**WORK TO COMPLETE:** Leaving the pictures aside, transcribe the data below exactly.

**SUPPLIED MATERIAL:**

____________

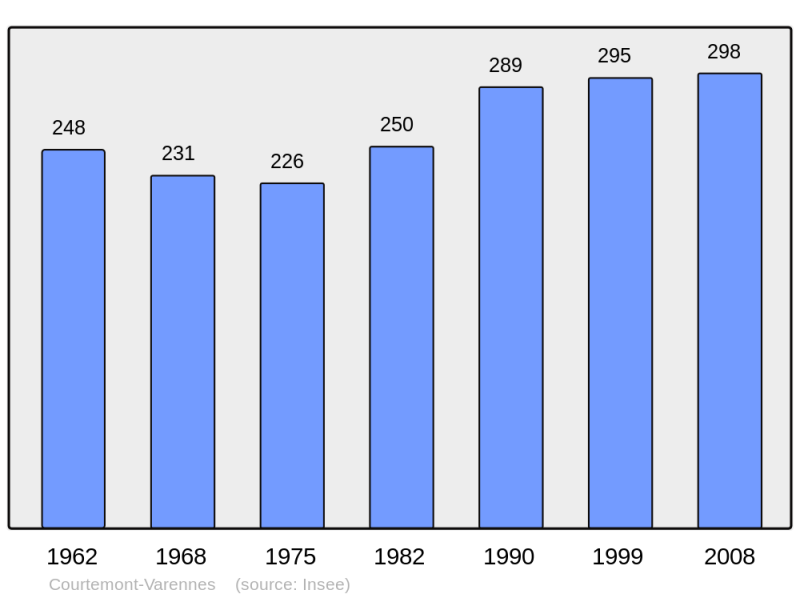 Soubor:Population - Municipality code 02228.png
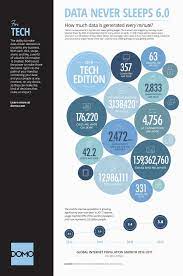 How Much Data Is Generated Per Minute The Answer Will Blow Your Mind Away Infographic Infographic Social Media Infographic Infographic Marketing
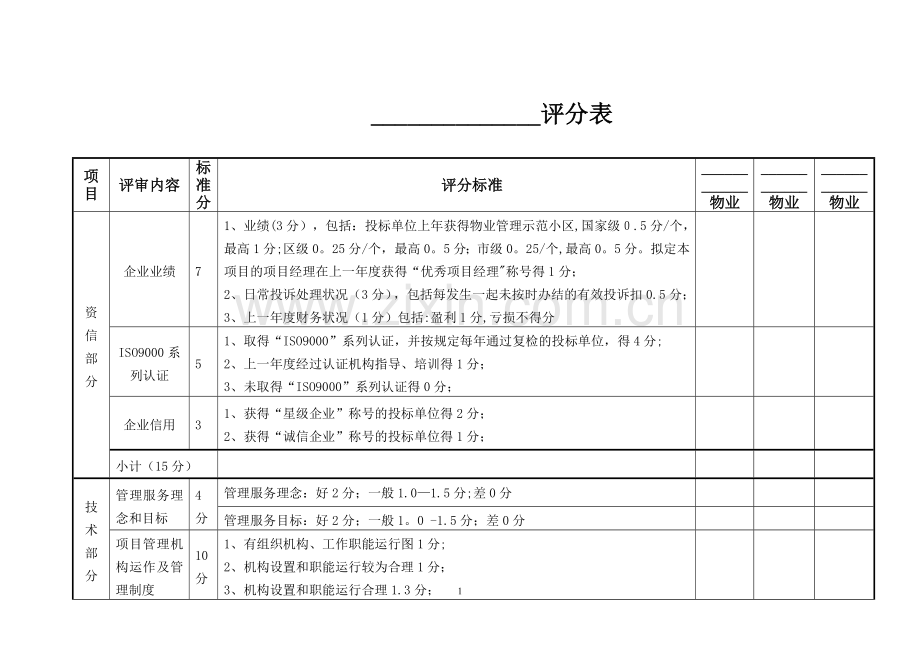 评审内容打分表.doc_第1页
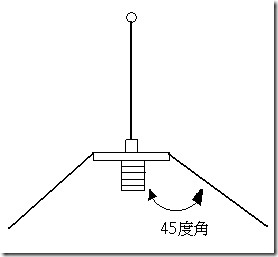 自制四分之一波长天线简易教程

____________

**RESPONSE BOX:**
 Soubor:Population - Municipality code 02228.png
 How Much Data Is Generated Per Minute The Answer Will Blow Your Mind Away Infographic Infographic Social Media Infographic Infographic Marketing
 评审内容打分表.doc_第1页
 自制四分之一波长天线简易教程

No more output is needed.